> [What to work on] Without the pictures, output all of the data exactly.

> [Recorded data]
Content starts

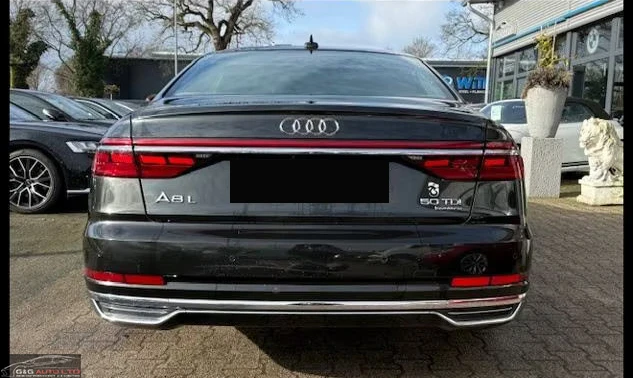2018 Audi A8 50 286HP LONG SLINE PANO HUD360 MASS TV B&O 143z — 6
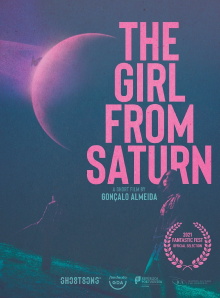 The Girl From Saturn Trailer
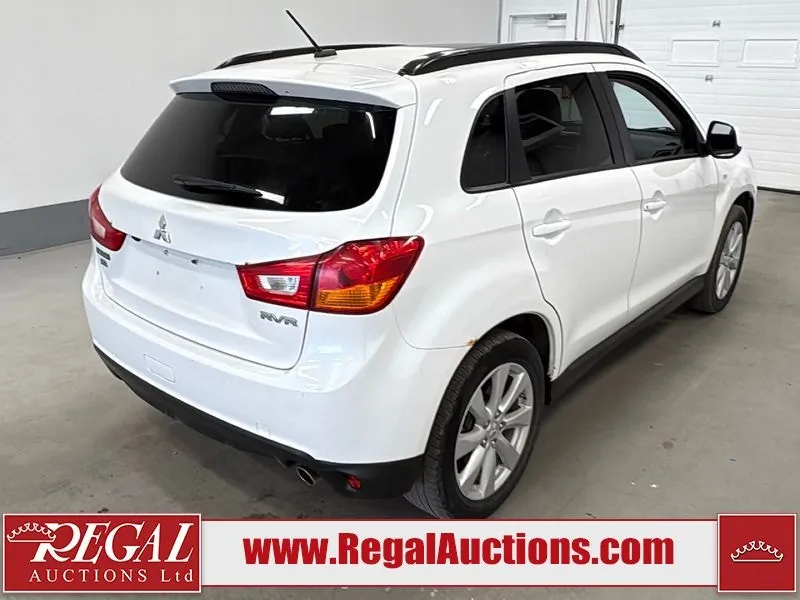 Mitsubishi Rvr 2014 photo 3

Content ends

> [Answer]
2018 Audi A8 50 286HP LONG SLINE PANO HUD360 MASS TV B&O 143z — 6
 The Girl From Saturn Trailer
 Mitsubishi Rvr 2014 photo 3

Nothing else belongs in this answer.